Hello everyone. I hope things are going well for you in your corner of the world. We are a little bit sad/angry/confused/worried because of the final commencement of Britain leaving the EU (I hate the term “Brexit”, although it is a convenient short form). I have never believed it was the right thing for Britain, and I certainly don’t believe it will be beneficial for us as British citizens living in France, or for EU citizens living & working in Britain However, the process has been started and there’s not a lot I can do about it (although I have been signing various petitions.) This is not a political blog though, so if you disagree with me, that’s fine: disagree. But we don’t need to argue about it.
Let’s look at yesterday’s challenge: ACT N°25 :: STUFF
Hands up if you buy and hold on to things that you don’t use, when they could be just what someone else needs. Give your wardrobe, garage, or loft an overhaul.
Put a Post-it note in your wallet/purse that says ‘Do I really need this?’ If you don’t, put it down and put the money you were going to spend to better use (maybe in a future challenge).
If you’re buying something new, make the purchase more meaningful. What it’s going to replace? What are you going to do with the old item instead? Who could it be of use to?

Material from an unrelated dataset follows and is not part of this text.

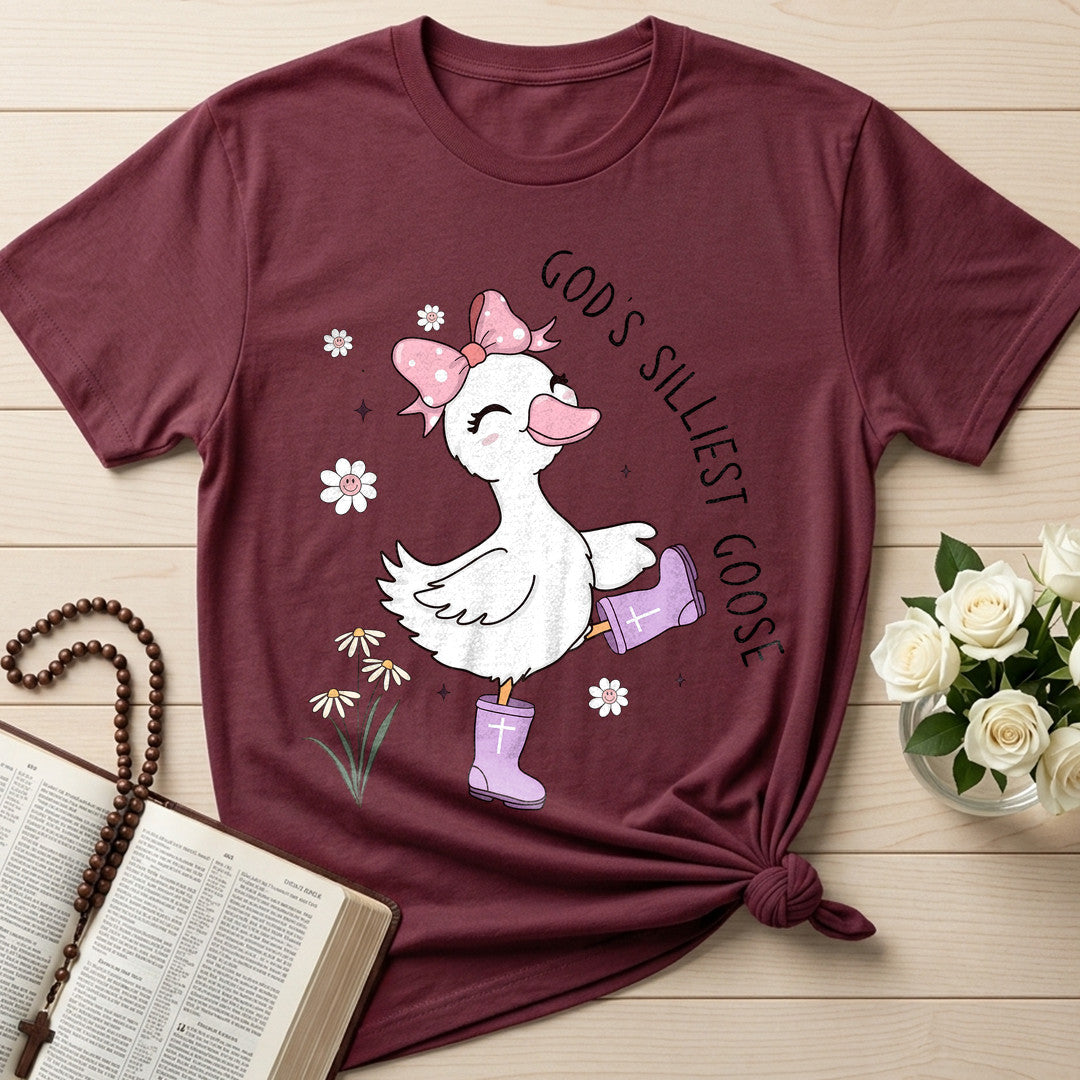 God's Silliest Goose 05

Assess your stuff. What do you really need? What can you give away? Are there hoarding habits that need to be changed? You can use Freecycle/Gumtree/foodbanks/charity/buy-swap-share to move your things to people who might make better use of them.
And the meditation can be read over here
This challenge seemed to speak to many people, judging by the FB comments, and to me as well. I do have a tendency to buy Stuff I don’t need – especially clothes, and I had been considering buying a top that I’d seen and liked. But I don’t need another top. I have many, many tops. So I pushed that consideration out of my brain. I am generally quite good at resisting temptation to buy clothes, usually with the mantra “Top…hole in head” to remind myself I need a new top like I need a hole in the head, but then, sometimes, I crack, and buy it anyway. Well, today was the day I wasn’t going to buy the top!

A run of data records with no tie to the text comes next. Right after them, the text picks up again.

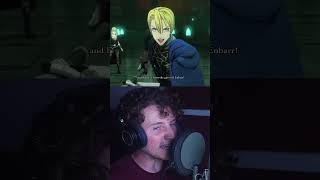 Dimitri Fandub  Fire Emblem Three Houses [upl. by Llecrup]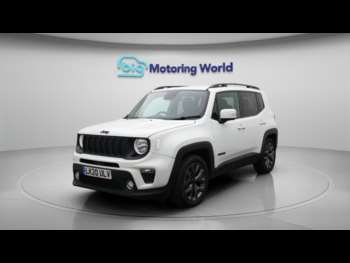 Used Jeep Renegade 2020 for sale - 75431027: Photo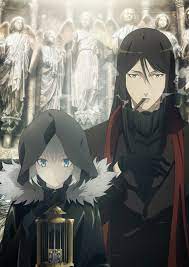 Lord El Melloi Ii Sei No Jikenbo Rail Zeppelin Grace Note Anime Friendship Anime Fate Anime Series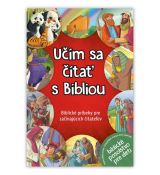 Učím sa čítať s Bibliou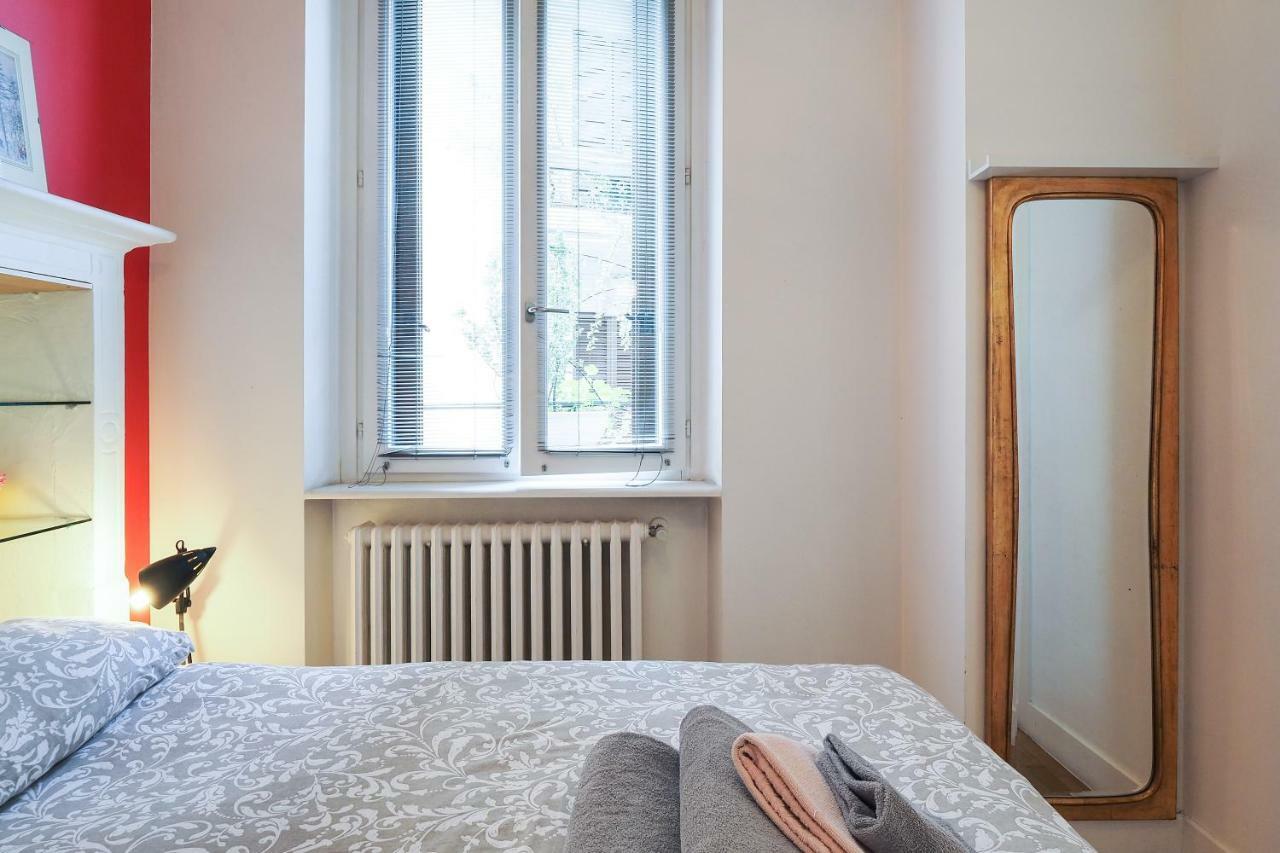 Apartmán Primopiano - Arnaldo Milán Exteriér fotografie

We have way too many books (is that possible?!) so I wrapped three up in plastic, in case it rained, added a note, and took them to Roanne to leave on benches around the port, where lots of narrowboats/barges tie up. There are several Anglophone boats there, so I thought they would be found & enjoyed. I also popped in some English “Ninja notes”. I took some French “Ninja notes” as well, to leave around the Port. Here they are, ready to go:
I had a couple of pairs of trousers, all packaged up in a bag, ready to go to the white “Relais” charity bin too, but I’d never quite got round to it. So I rooted through the wardrobe, and found a pair of brand new, bought-on-impulse, didn’t fit me trousers that I’d been planning on selling (but not done anything about) plus a pullover and a long sleeved T-shirt, which I bagged up too, to take for the Relais bin.

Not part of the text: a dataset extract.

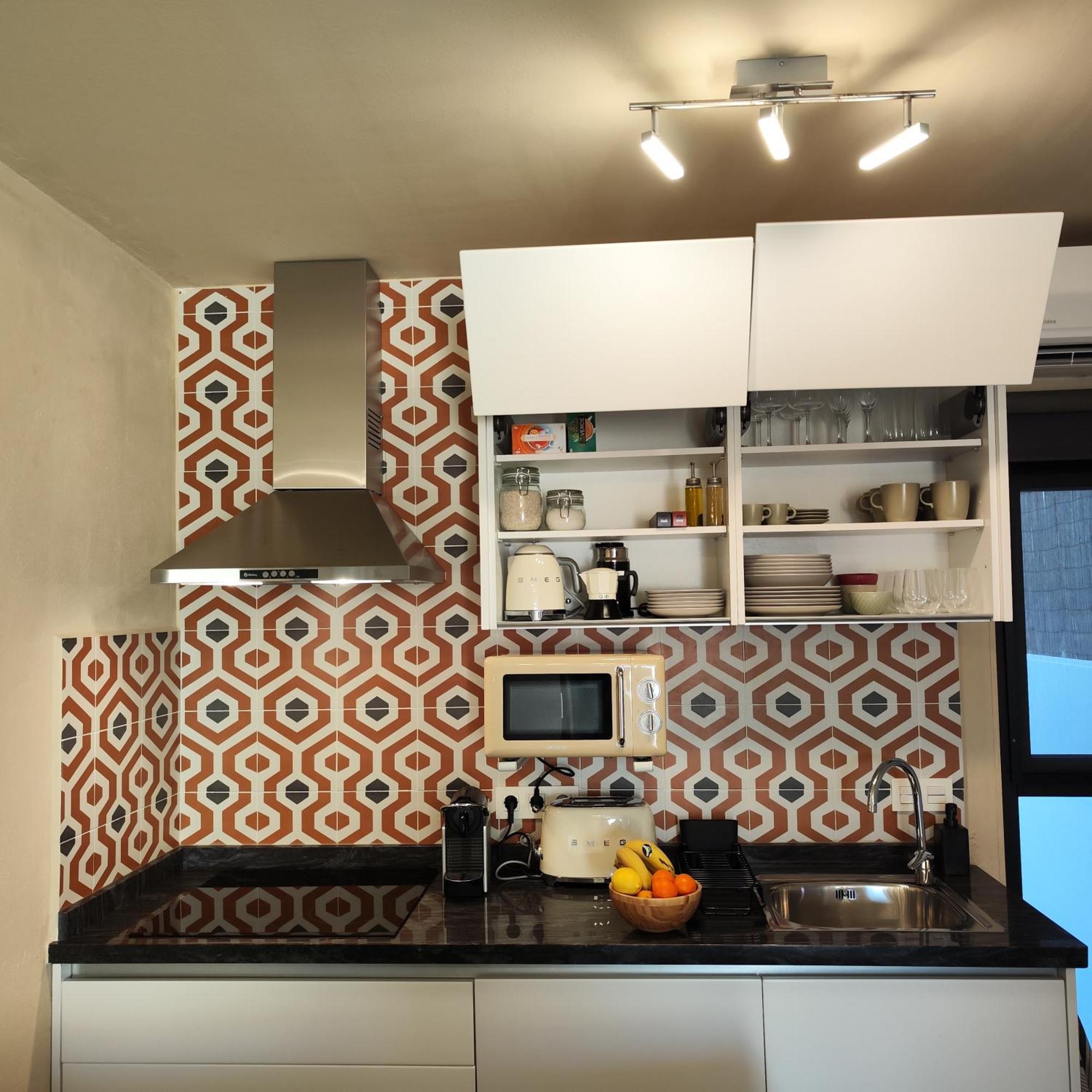 Casa Natalia Apartment Tias Ngoại thất bức ảnh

Jasper (ICOT) checks the quality of the bag.
Sadly, I rather let the side down by then going to Noz, because my student had cancelled, but I’d forgotten, so I had 2 hours to kill, and I spent money. But in my defence it was mostly on cat food, beer and cereal which we needed (well, OK, we didn’t need the beer!) But also on some other groceries, some pretty notecards, which are going to be useful for today’s challenge, a few craft items and a folder for work. So while I didn’t buy things which were strictly necessary, they were things which will be useful!
However, I will try to consider my spending more carefully – I am not a real impulse buyer, but I do buy more things than I need, so while I don’t think I could manage a year (or even a month’s) spending ban, I will try to buy things more mindfully in future. Maybe adopt a “one in, one out” policy – if I buy an item for my wardrobe, I must donate one to a charity shop. That way I will be more sensible AND I won’t fill the wardrobe to bursting point!
ACT N°26: GRATEFUL
Taking people for granted. It’s an easy trap to fall into, even if we think we’re genuinely decent people. Gratitude takes effort. It takes remembering. It takes serious, considered, wonder-centered thankfulness.
Write down a number of people from your past who’ve supported and helped you. Commit to contacting each, to tell them ‘thank you’. P.S. Not all in one day!
Write a letter thanking someone. This might not be the easiest thing for a lot of us. If you’re not prone to cracking out the fountain pen and writing paper, you can write a well-composed Facebook message – and sometimes, a few well-chosen words can mean more than a page of prose.
How about thanking someone who doesn’t usually get thanked in person: your bus driver, the local postman, the colleague who always puts on a fresh pot of coffee or empties the dishwasher. Appreciating these people will add a whole ton of value to their day, and being thankful is a great way to begin your week.
And the meditation is here
I had started this well before Lent, with some beautiful postcards that I had been given, sending out two or three a week, but because of time, and getting involved in other 40 Acts, I have let this slip. With the notecards that I bought yesterday, plus other cards, I will take up my pen and write again at the weekend. I have had lovely emails back from people that I’ve written to, so I know that they are appreciated – it’s just getting round to it. Which is always my problem!
I will also take some biscuits to the Post Office (probably when I take the letters in to send!) to share with all the postal workers.